Sudanese Govt Rejects U.S. Accusations On Curbing Internet Freedoms
The US government has designated north Sudan as one of the countries which impose restrictions on access to the internet and monitor e-mail communication. In its 21 country reports on human rights practices, the U.S department of state singled out Sudan as one of the countries where human rights abuses were "especially serious," recounting details of numerous human rights violations committed nationwide by the country's government.
It also said that the country's national telecommunication cooperation, which is mandated to oversee internet content, blocked some websites which are deemed offensive to public morality, including regular blocking of the video-sharing website Youtube during April's elections and the Sudan vote monitor website.
The report also accused the National Intelligence and Security Services (NISS), the country's official security authority, of reading e-mail messages between private citizens.
But Sudan's foreign ministry rejected the report saying that Washington is the one violating the rights of the Sudanese people by blocking access to advance telecommunication technologies and access to some information on the web.

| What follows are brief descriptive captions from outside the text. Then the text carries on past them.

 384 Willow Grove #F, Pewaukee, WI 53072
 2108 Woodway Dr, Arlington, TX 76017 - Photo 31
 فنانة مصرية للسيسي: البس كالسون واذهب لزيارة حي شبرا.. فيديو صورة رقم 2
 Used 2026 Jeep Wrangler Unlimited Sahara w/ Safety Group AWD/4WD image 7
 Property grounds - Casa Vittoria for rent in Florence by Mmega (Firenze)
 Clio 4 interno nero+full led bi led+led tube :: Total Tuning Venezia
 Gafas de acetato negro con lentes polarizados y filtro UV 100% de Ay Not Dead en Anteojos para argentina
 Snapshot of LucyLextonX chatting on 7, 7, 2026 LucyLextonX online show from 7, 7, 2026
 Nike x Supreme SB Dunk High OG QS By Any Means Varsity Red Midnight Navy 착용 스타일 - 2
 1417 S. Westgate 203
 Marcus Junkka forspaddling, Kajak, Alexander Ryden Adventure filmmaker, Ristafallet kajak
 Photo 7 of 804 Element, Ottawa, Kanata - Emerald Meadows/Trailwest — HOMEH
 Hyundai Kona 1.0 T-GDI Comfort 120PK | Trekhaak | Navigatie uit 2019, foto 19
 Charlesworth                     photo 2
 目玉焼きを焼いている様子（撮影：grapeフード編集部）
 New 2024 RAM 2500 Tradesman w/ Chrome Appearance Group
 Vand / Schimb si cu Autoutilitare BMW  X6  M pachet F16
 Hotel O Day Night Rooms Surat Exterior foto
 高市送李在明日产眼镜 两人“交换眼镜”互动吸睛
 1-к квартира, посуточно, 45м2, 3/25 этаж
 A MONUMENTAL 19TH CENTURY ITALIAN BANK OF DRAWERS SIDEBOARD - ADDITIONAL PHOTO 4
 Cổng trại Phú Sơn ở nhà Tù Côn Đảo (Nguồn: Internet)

The ministry's spokesperson Khalid Moussa noted statements by former U.S. special envoy Scott Gration in which he criticized the sanctions as excessive. He stressed that even Sudanese opposition use Facebook for mobilizing demonstrations without restrictions by the government or any other party.
Last year the U.S administration eased internet sanctions on Sudan which is still under comprehensive U.S economic sanctions in connection to allegations of sponsoring terrorism and the atrocities committed in the western region of Darfur.
US technology firms are now be allowed to export online services such as instant messaging and social networks. In 2009 software giant Microsoft barred users in five countries, including Iran, Cuba and Sudan, from using instant messaging services. People trying to use the service received an error message.